“Careful, Ned, she can shoot lights-out.”

I THREW MYSELF over the parking barrier after our two runners and jumped maybe ten feet. The cement landing was a vicious jolt to the bones. I had to drop and roll before I got up again, just to save my legs.

There were several dime-size red blotches on the ground where I landed, but nothing to indicate which way they’d gone. The guy might have wrapped his hand.

All I could see from here were lots of parked cars, concrete, and a dozen ways out.

“What the hell?” Mahoney came running up behind me. Several more SWAT officers were sprinting down from the level above as well. “Where’d they go?”

“Any sign of them?” Command radioed down.

“Negative,” I said. “Get all the exits covered. And shut down the block if it’s not too late.”

We all fanned out, checking the adjacent rooftops, throwing open doors, looking under cars with any kind of clearance. But it was no good. They were gone. Somehow, they’d gotten past us. The woman was a professional. She didn’t panic and she could really handle a gun.

There was still a chance someone could pick them up on the street. Their faces were a matter of record now, and every unit in the city would go into high alert.

Homeland Security could even shut down the bridges and put checkpoints on the highway if they wanted to, but that wasn’t my call.

By the time Ned and I got back up to the top level, everything on that end had been contained. One of the SWAT sergeants, Enrique Vaillos, was sitting on the bumper of the same Audi where we’d taken cover. The back of his hand was up against his mouth. It looked like he’d gotten a nasty pop in the face during the takedown.

“What’s our status up here?” Ned asked.

“Five in custody, one dead,” he said, “and two —?”

“Still missing,” I said.

Farther up the row of cars, a tall Saudi man in a gray suit was laid out flat on the ground. His head was turned our way so you could see the open, glassy eyes — also, the perfectly round black hole in his forehead. Even now, it sent a chill rolling down my back.

“What happened?” I asked.

Vaillos shook his head. “It was the damndest thing. That chick? The one who got away? Just before she ran, she turned and put a fast one in the guy’s head, point-blank. I don’t know why she did it, but I’ll tell you what. It’s all she had time for. Probably saved one of my guys’ lives.”

He turned away and spit a mouthful of red on the cement.

“Whatever.

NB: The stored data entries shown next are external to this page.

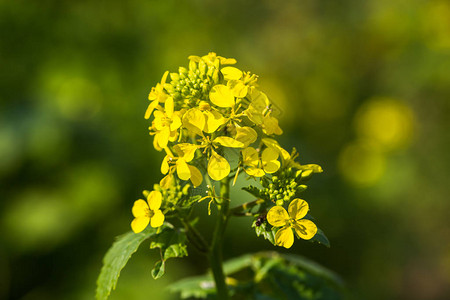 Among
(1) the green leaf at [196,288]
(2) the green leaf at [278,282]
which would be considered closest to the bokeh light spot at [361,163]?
(2) the green leaf at [278,282]

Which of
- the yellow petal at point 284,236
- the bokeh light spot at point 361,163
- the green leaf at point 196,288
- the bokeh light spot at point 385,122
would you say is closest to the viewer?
the yellow petal at point 284,236

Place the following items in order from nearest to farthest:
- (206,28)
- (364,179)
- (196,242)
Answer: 1. (196,242)
2. (364,179)
3. (206,28)

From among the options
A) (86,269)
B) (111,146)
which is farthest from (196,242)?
(111,146)

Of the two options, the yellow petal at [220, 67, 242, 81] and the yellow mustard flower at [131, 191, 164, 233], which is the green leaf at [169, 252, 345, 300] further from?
the yellow petal at [220, 67, 242, 81]

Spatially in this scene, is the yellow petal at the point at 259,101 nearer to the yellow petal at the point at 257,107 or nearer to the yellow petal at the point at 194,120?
the yellow petal at the point at 257,107

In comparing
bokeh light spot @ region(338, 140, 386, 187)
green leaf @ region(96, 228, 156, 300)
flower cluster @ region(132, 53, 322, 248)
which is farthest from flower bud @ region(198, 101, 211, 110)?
bokeh light spot @ region(338, 140, 386, 187)

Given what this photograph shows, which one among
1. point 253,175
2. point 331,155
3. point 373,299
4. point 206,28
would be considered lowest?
point 373,299

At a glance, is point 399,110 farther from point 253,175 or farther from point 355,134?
point 253,175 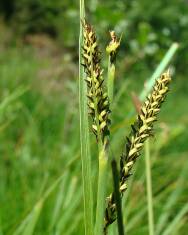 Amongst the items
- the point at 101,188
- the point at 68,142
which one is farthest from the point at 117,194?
the point at 68,142

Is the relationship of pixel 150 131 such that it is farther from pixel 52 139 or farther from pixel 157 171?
pixel 52 139

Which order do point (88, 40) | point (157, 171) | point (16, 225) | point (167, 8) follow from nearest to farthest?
1. point (88, 40)
2. point (16, 225)
3. point (157, 171)
4. point (167, 8)

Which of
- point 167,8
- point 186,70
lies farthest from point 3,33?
point 186,70

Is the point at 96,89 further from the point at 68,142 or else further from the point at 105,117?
the point at 68,142

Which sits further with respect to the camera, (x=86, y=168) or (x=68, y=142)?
(x=68, y=142)

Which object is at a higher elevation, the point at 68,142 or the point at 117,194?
the point at 117,194

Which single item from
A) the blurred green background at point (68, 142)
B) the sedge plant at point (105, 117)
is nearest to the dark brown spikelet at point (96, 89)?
the sedge plant at point (105, 117) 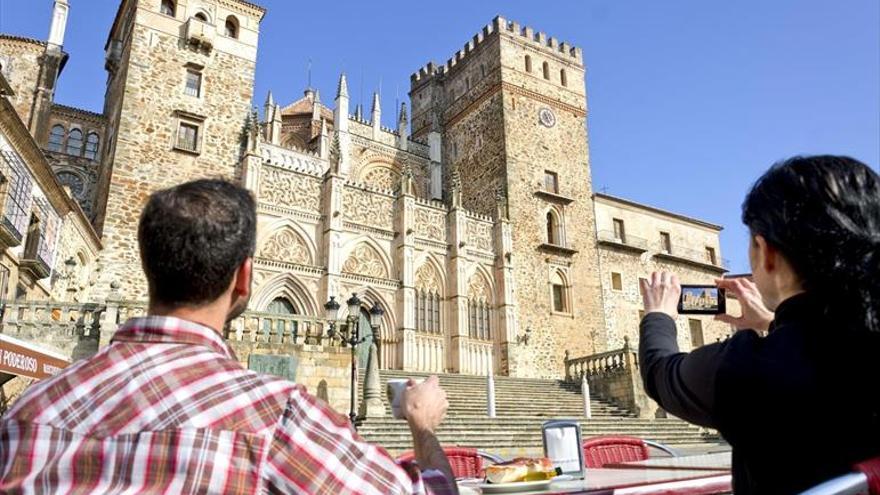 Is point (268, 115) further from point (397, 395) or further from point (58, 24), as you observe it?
point (397, 395)

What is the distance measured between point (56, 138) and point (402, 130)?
16.1 m

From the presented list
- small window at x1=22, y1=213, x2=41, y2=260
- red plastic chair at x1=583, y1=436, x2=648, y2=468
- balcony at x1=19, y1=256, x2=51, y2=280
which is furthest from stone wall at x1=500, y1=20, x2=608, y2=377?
red plastic chair at x1=583, y1=436, x2=648, y2=468

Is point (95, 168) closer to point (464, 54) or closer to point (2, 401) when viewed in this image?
point (2, 401)

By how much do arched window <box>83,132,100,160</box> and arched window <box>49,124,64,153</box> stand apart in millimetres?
832

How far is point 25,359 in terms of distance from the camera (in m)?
7.71

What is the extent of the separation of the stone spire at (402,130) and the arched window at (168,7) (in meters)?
13.1

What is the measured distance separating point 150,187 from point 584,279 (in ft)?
56.2

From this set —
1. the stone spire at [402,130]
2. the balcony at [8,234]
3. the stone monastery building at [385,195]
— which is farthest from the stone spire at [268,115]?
the balcony at [8,234]

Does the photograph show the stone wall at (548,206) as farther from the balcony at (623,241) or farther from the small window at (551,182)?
the balcony at (623,241)

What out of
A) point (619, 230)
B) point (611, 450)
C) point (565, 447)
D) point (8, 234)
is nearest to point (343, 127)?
point (619, 230)

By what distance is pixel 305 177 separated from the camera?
21219mm

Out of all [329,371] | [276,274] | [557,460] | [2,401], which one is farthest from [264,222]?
[557,460]

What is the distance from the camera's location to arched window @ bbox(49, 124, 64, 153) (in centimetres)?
2158

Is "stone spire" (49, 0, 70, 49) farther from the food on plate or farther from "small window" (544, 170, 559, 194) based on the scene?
the food on plate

I ain’t going to lose sleep over it. These people want to act like a bunch of cannibals, I say let ’em. Just makes our job easier.”

I was thinking about the woman again, and how she wasn’t going to make our job easier.

THE “AL AYLA FIVE” were transferred to a. U.S. Marshals holding facility at the DC Jail on Massachusetts Avenue. A wing of eight-by-ten soundproof interview rooms was cleared, and the suspects were brought in one by one. Above all, there would be no exchange of information between them.

We worked in teams, rotating from suspect to suspect. I was with Mahoney, along with a forensic psychiatrist from the CIA, a ranking rep from Homeland Security, and an FBI field office supervisor, Corey Sneed, who took the lead. That was fine with me. I kept my focus where I needed it — on the Coyle kids.

Presumably, these people were Saudi nationals, but none of them was carrying any identification, and none of them would talk to us. Nothing. Not even to ask for a lawyer, though we suspected they spoke English.

Our strong assumption was that the whole eight-member group had been composed of four couples, given Al Ayla’s m.o. up to this point. If that was true, then one of these women had just lost a husband. Maybe that was something we could use.

After two hours of getting nowhere, I took my best guess and asked to speak privately with the one woman who had seemed most on edge.

“Go for it,” Sneed told me. It almost seemed like a dare.

I stopped at the vending machines on my way back in and bought a bottle of water. It wasn’t much, but I wanted to bring something in with me besides files and questions.

When I opened the interview room door, the woman’s head jerked up as if I’d caught her off guard. Her dark hair was pulled back in a French braid, and her magenta silk blouse and gray pinstriped skirt looked wrong on her somehow, like someone else’s idea of American dress.

I came around and unlocked the cuff securing her to an eyebolt on the metal table.

She rubbed at the red mark around her wrist as I sat down but ignored the bottle of water I’d left for her.

“I’ve got something I want to show you,” I said. “You should look, at least. Just look.”

I opened one of my files and took out a screen capture from the night’s surveillance video at the parking garage. The image was grainy, but the eight of them were easy enough to make out, huddled next to a couple of SUVs.